The Front Borders in Spring
April 16, 2025The front garden was an explosion of spring jewels, a tapestry of texture and fresh emerging growth.
We started this garden 2.5 years ago & there’s still lots of tweaking, growing, sculpting to be done. But it’s starting to take shape. It’s the only garden I’ve really poured my heart into. We’ve started on the cabin borders, the pond garden & a little spring meadow patch underneath the oak tree, but the front borders have been my main focus, whilst we work on the bones of the rest of the garden, to prepare them for planting one day.
Perhaps there are certain guidelines to making a garden magic in all seasons. But the best gardens are where the colours, shapes & textures reflect the gardener who planted and nurtured them. Here are some things that sparkle the most for me.
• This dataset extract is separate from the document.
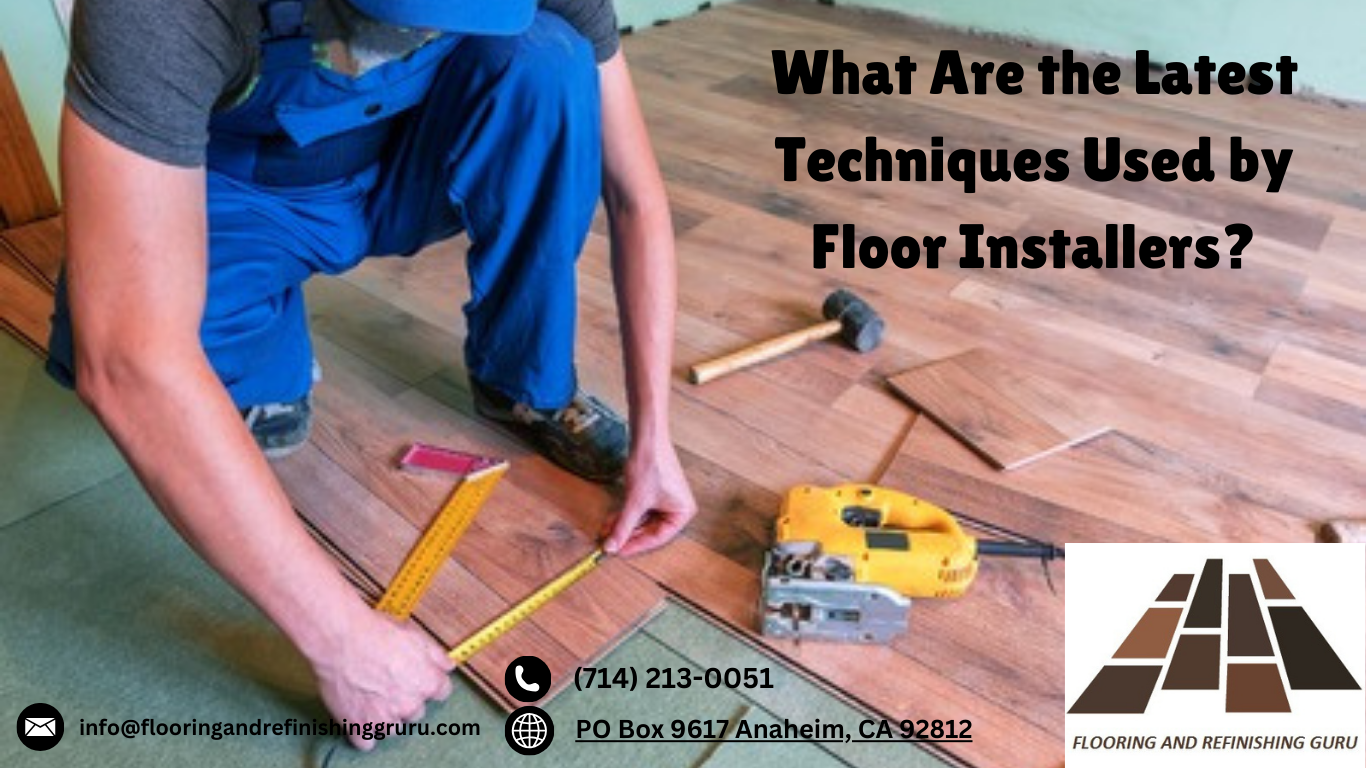 floor installers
- ‘Narcissus Dreamlight’, an heirloom from circa 1934. She has a luminous green eye, edged with a delicate scarlet-orange rim
- ‘Harvington Single Black’ hellebore - almost-black to midnight-purple. A true star in the show
- ‘Harvington apricot’ with her glowing apricot-blush colour
- Fawn lily or ‘Erythronium californicum White Beauty’ with swept back petals. I love the name ‘fawn lily’ which references the mottled leaves resembling the spots of a fawn
- Vivid pink tulips contrast with the chartreuse-yellow of ‘Harvington Double Yellow Spotted’ hellebore. She starts off cream & then turns into a chartreuse-yellow when she sets seed. Crimson stripes of ‘Grand perfection’ tulip also pick up on the pink
There is also year round structure & colour. Topiary balls of forest green yew & apple green lonicera nitida sit in front of a lonicera nitida hedge (eventually to be sculpted into an undulating wave). There are lots of ferns with a whole array of wonderful textures, including ‘harts tongue’.
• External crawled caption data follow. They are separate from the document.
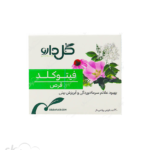 قرص فیتوکلد گل دارو
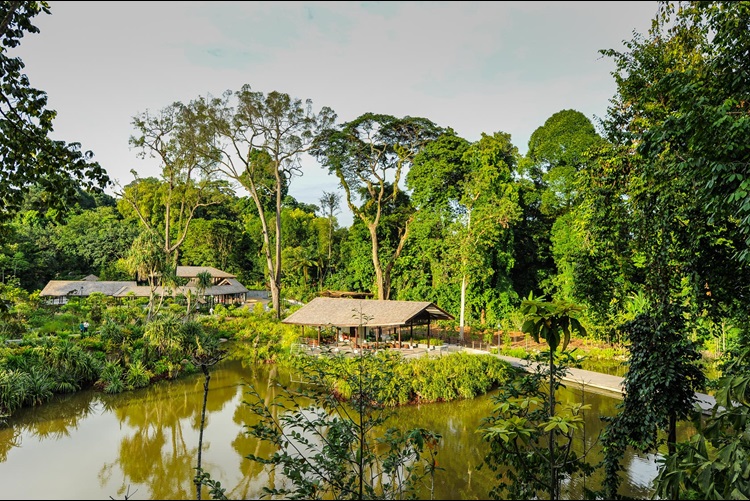 keppel forest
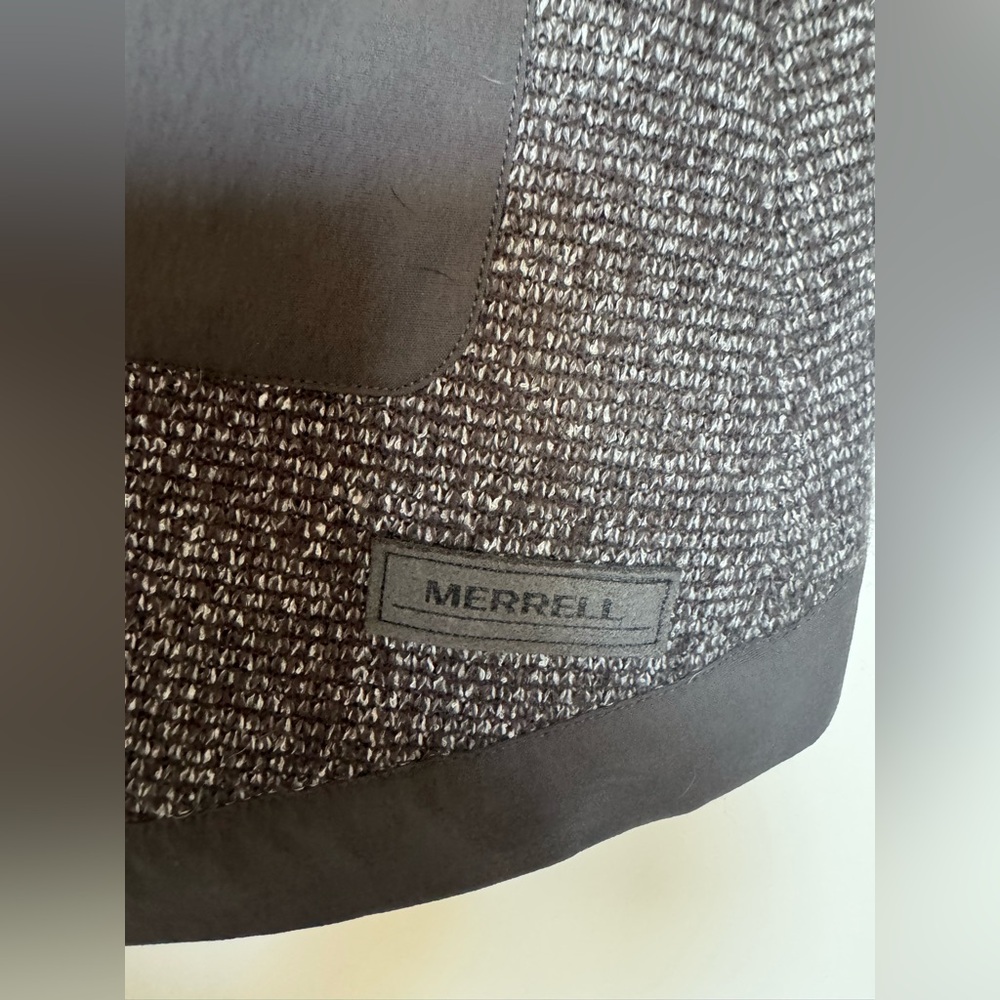 Merrell Select Regulate Button Up Fleecey Knit Co… - image 4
Next to unfold, the aquilegias, foxgloves, coral poppies, yellow roses under planted with salvia nachtvlinder. These will be succeeded by lilac phlomis, cream agastache, cephalaria gigantea, tall spires of veronicastrum, achemilla mollis with scalloped leaves & frothy acid-green flowers which will line the edges. There will be midnight purple penstemon & pearl grey geraniums for ground cover. And still, there’s plenty more to add.